Please repeat the lines below exactly. Begin with the line containing "2 makuuhuone Huvila" and go on through the line containing "autotalli - 108 000 € (Ref: 9512023)".

## [Information shown]
======

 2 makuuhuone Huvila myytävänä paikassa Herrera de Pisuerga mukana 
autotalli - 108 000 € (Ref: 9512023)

======

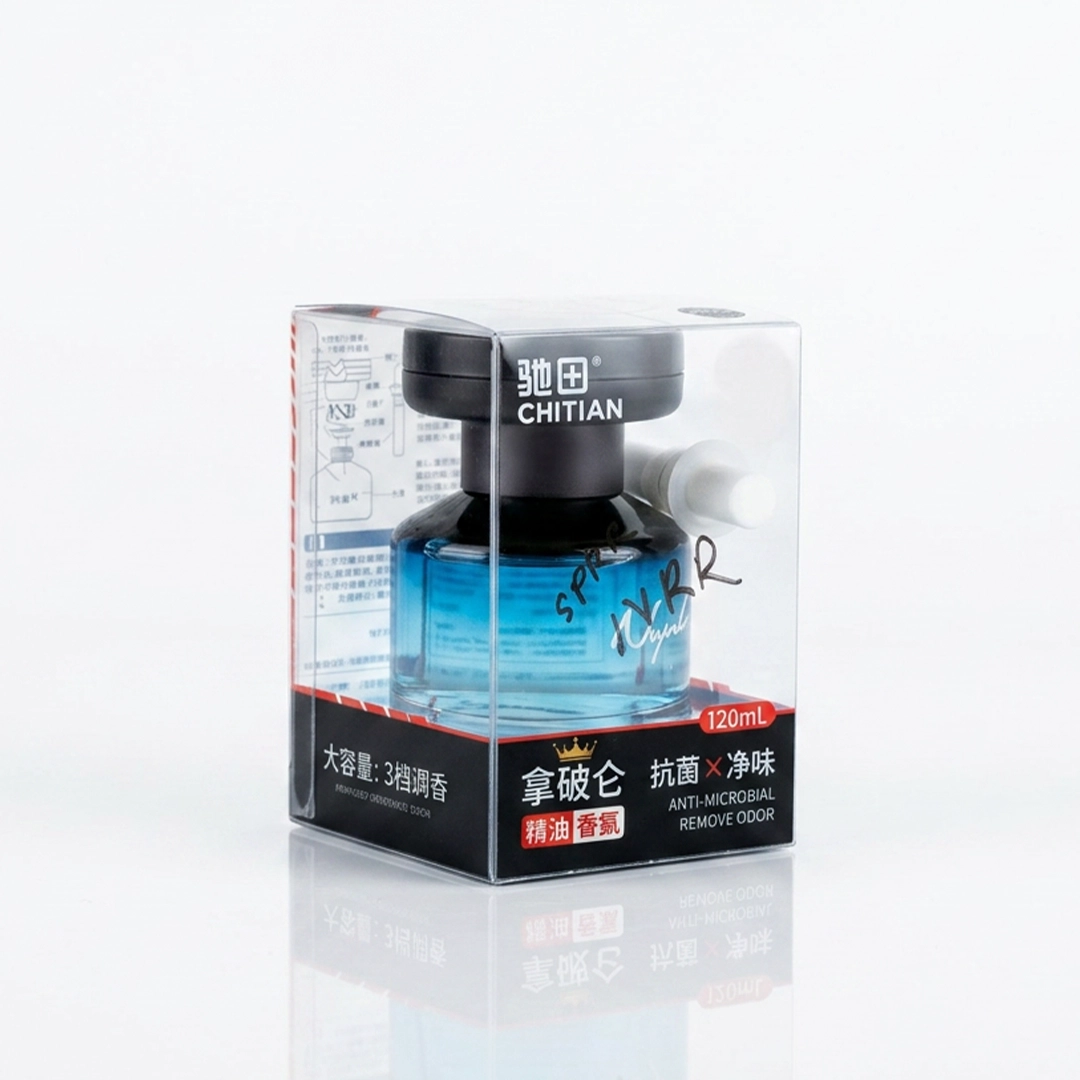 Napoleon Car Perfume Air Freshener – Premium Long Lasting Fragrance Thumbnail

======

## [Answer section]
 2 makuuhuone Huvila myytävänä paikassa Herrera de Pisuerga mukana 
autotalli - 108 000 € (Ref: 9512023)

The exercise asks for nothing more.